The BCIRG 006 study for the first time evaluated the efficacy of trastuzumab in association with anthracycline-free chemotherapy. In this three-armed study, 3222 patients with primary breast cancer were randomized between an adjuvant therapy with 4 cycles of AC followed by 4 cycles of docetaxel with (AC-TH) or without trastuzumab (AC-T), or a combination of docetaxel with carboplatin and trastuzumab (TCH) (fig. (fig.8).8). After a median follow-up of 36 months, at the SABCS 2006 D. Slamon presented the second interim analysis of the BCIRG 006 which within a three-arm design is evaluating the efficacy of AC-T versus AC-TH versus TCH in primary, HER2/neu-positive breast cancer. The trastuzumab-containing arms AC-TH and TCH showed practically identical efficacy both in terms of relapse-free (77 versus 83% versus 82%) and overall survival (86 versus 92 versus 91%) with a significant advantage compared to trastuzumab-free therapy. This benefit was present independent of nodal status, hormone receptor status and tumor size. In the anthracycline-free arm, however, there were fewer Grade 3/4 toxicities such as neutropenia, gastrointestinal toxicities and neuropathies. Since higher efficacy of anthracyclines associated with coamplification of topoiso-merase IIα, still assumed in the previous year, was not confirmed, TCH represents a new option in the adjuvant therapy of node-positive breast cancer in the presence of HER2/neu overexpression.

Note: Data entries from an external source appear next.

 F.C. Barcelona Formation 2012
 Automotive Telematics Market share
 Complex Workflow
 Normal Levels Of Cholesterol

As anticipated, the panel of experts at the St. Gallen Consensus Conference 2007 followed this convincing evidence and voted 91.9% in favor of a 1-year trial of trastuzumab in patients with chemotherapy and a HER2/neu-overexpressing tumor. A 9-week course of therapy following the FinHer study was approved by only 14.3% of the panelists. 92.1% of the experts considered a positive (+++) immunohistochemical demonstration of HER2/neu overexpression sufficient, while FISH testing (FISH for all?) was rejected by 84.2% . The German AGO guidelines clearly recommend trastuzumab treatment for 1 year in HER2/neu-positive patients undergoing chemotherapy.

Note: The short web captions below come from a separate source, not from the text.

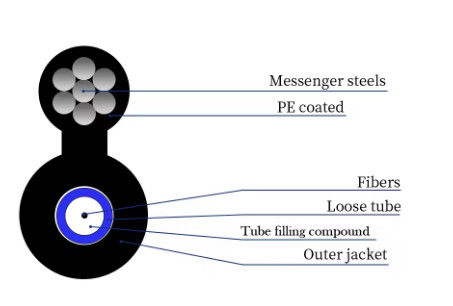 GYXTC8Y GYTC8Y Outdoor Aerial Self-supporting Gambar 8 Kabel Serat Optik Tanpa Lapisan
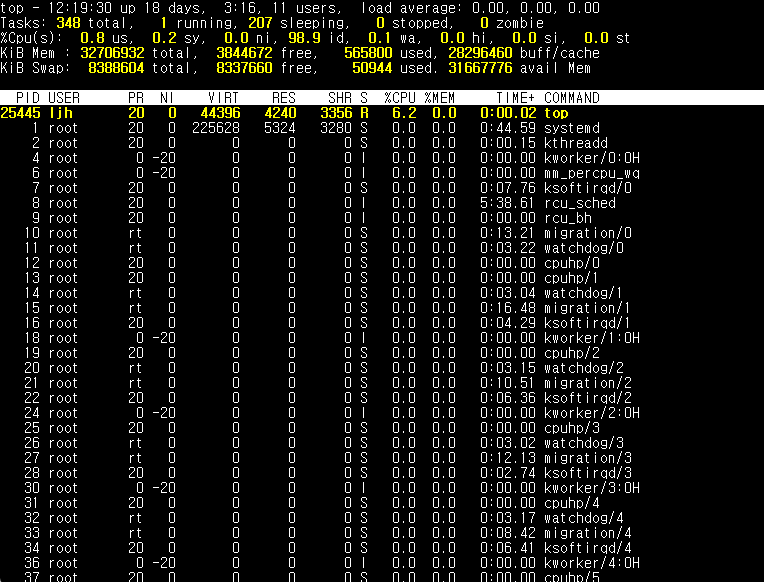๋ฆฌ๋
์ค top ๋ช
๋ น์ด ์ค์๊ฐ ๋ชจ๋ํฐ๋ง ํ๋ฉด. CPU ์ฌ์ฉ๋ฅ , ๋ฉ๋ชจ๋ฆฌ·์ค์ํ ์์ฝ, ํ๋ก์ธ์ค๋ณ PID·USER·CPU·๋ฉ๋ชจ๋ฆฌ ์ฌ์ฉ๋์ด ํ์๋ ์์ ์ถ๋ ฅ.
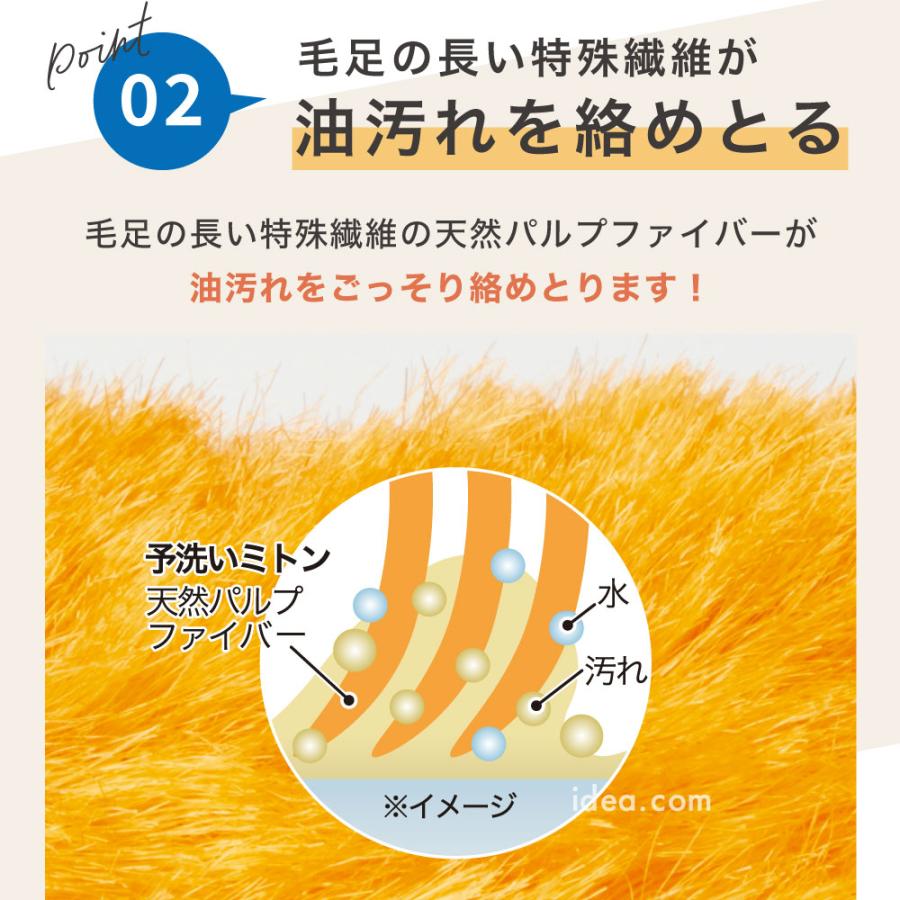 キッチン ミトン クロス 予洗い 油汚れ 洗剤不要 時短 節水 エコ キッチン雑貨【メール便】予洗いミトン（2個組）コジット | COGIT | 04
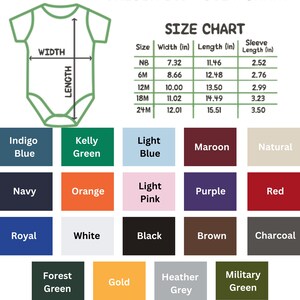 The image is a size chart for baby clothes, showing the measurements and corresponding colors for different age groups.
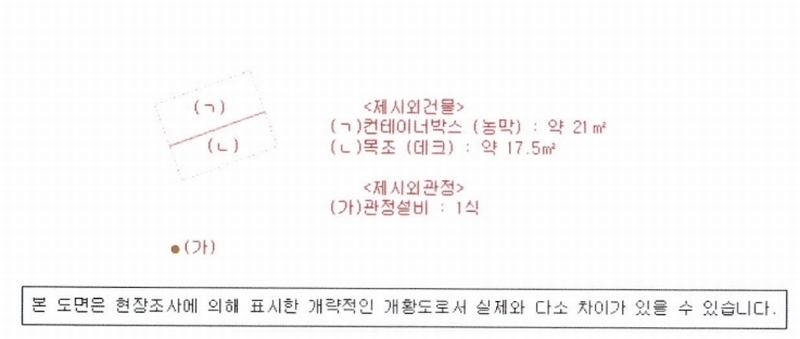 2025타경300 경상남도 의령군 지정면 두곡리 1036 농지 경매 이미지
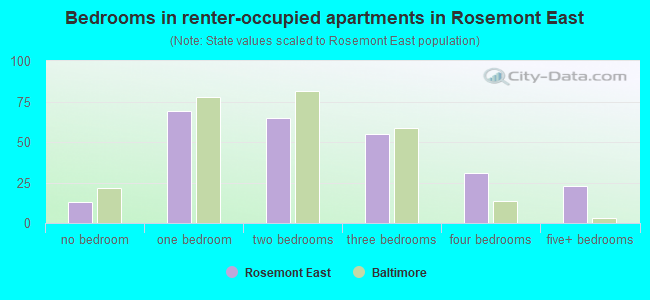 Bedrooms in renter-occupied apartments in Rosemont East
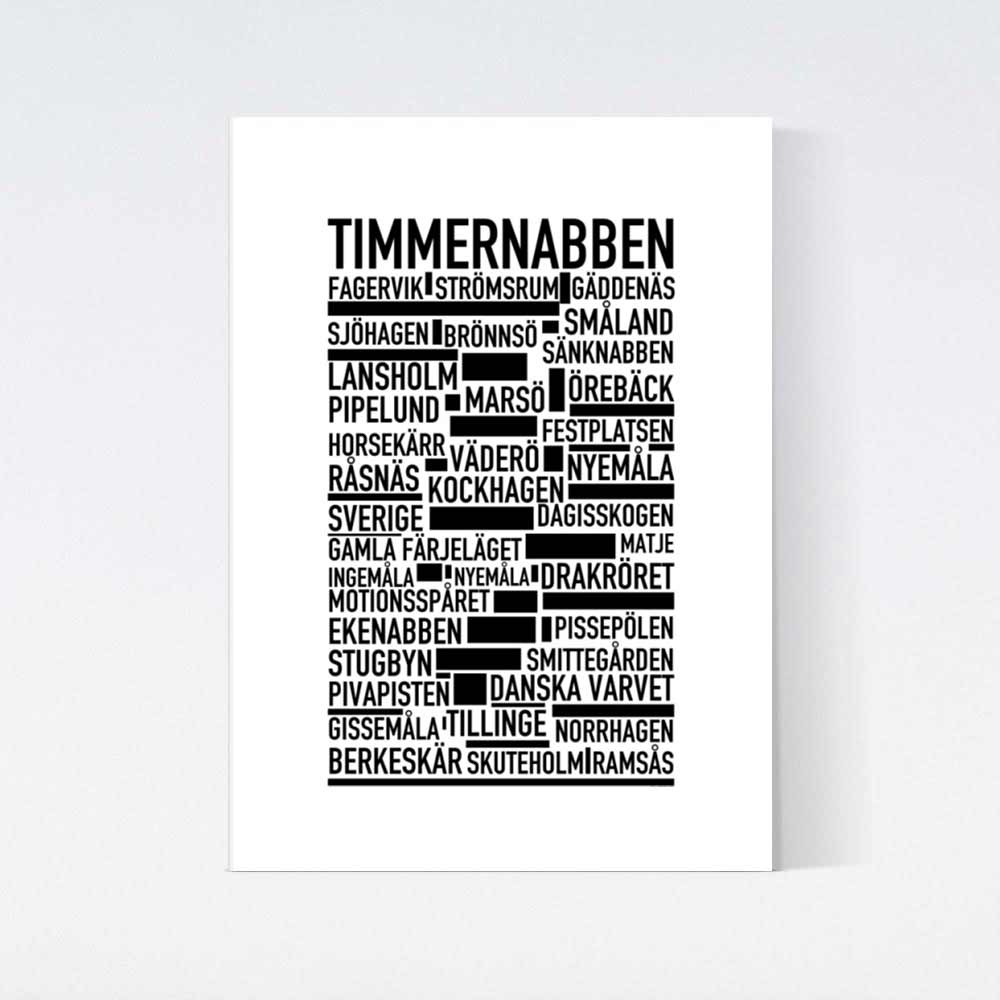 Timmernabben Text Poster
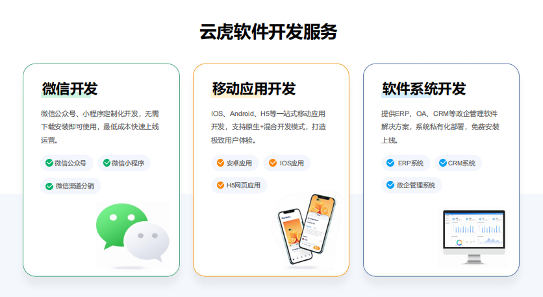 郑州软件开发_定制软件开发_多年软件开发经验 - 智象科技网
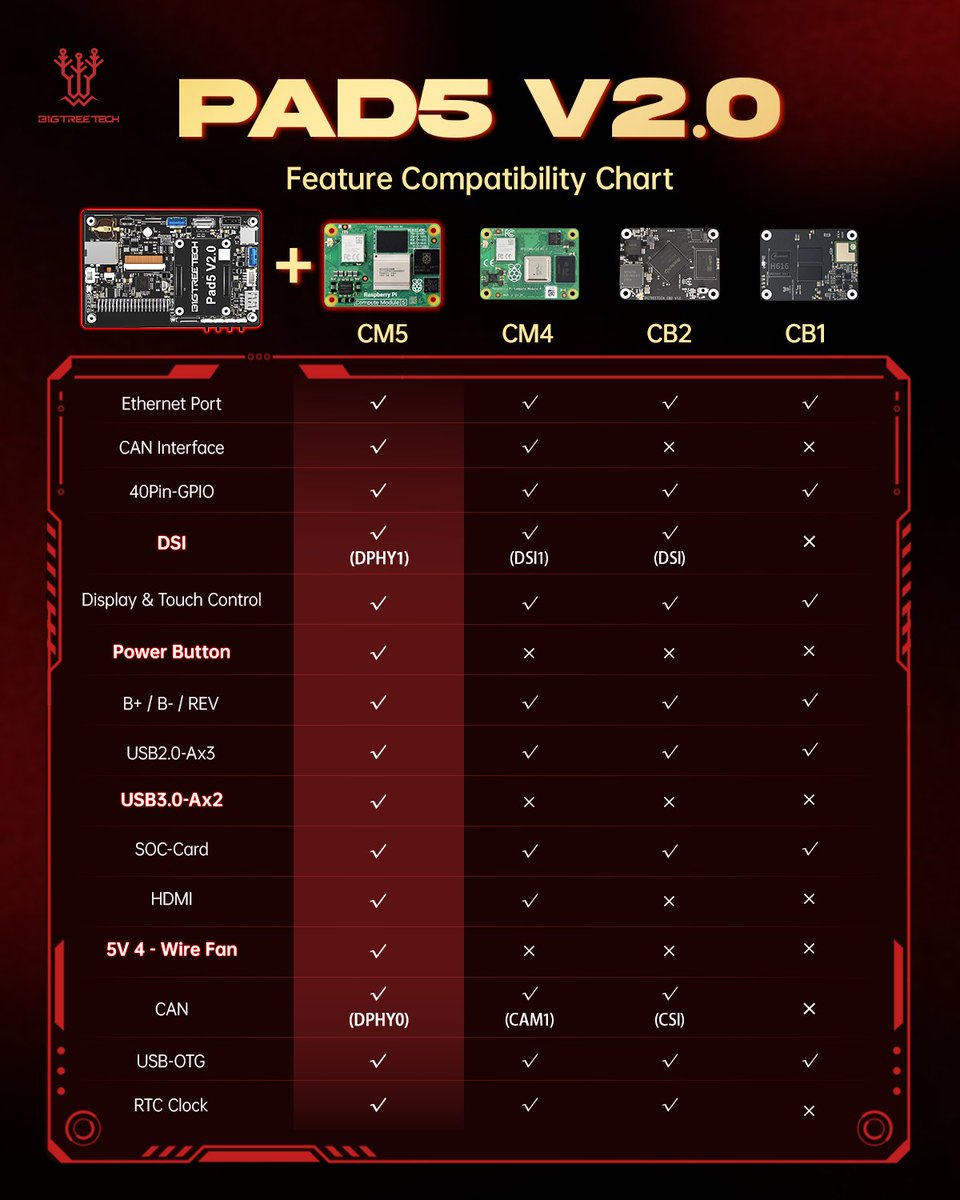 BIGTREETECH tweet media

Summarizing, patients, and only those with a clearly HER2/ neu-overexpressing tumor and an indication for adjuvant chemotherapy, should receive adjuvant therapy with trastuzumab, at present for 12 months. Patients with a significant history of cardiac illness who fulfill the criteria for chemotherapy and trastuzumab therapy should consider anthracycline-free cytostatic therapy with a combination of a taxane, a platinum derivative and trastuzumab.
Chemotherapy with anthracycline/taxane is regarded as the standard treatment for node-positive women. In these cases, either a combination (e.g. TAC with docetaxel) or a sequential therapy schedule (e.g. EC/AC-T with paclitaxel or FEC-DOC with docetaxel) can be used. High dose frequency regimens such as EC-T with 2-week therapy (with paclitaxel) and dose-intensified ETC (with paclitaxel) are, in the hands of experienced physicians, an evidence-based option in node-positive patients, especially with greater nodal involvement. These schedules are not yet approved and should therefore be used primarily in trials or, in specially justified individual cases, reserved for ‘off-label-use’.

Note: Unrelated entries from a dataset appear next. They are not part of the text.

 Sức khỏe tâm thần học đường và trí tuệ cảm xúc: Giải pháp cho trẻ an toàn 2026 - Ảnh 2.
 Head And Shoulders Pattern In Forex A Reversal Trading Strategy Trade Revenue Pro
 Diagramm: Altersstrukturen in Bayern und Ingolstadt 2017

Adjuvant 1-year trastuzumab therapy following primary systemic or adjuvant chemotherapy is standard in HER2/neu-positive breast cancer (HER2 3+ or FISH+). It is approved regardless of age, nodal status or time elapsed since primary surgery. Indication should be assessed independent of nodal status or patient age, provided there is no contraindication to the planned therapy. According to the present state of knowledge, therapy can be started together with taxane chemotherapy or implemented completely after chemotherapy.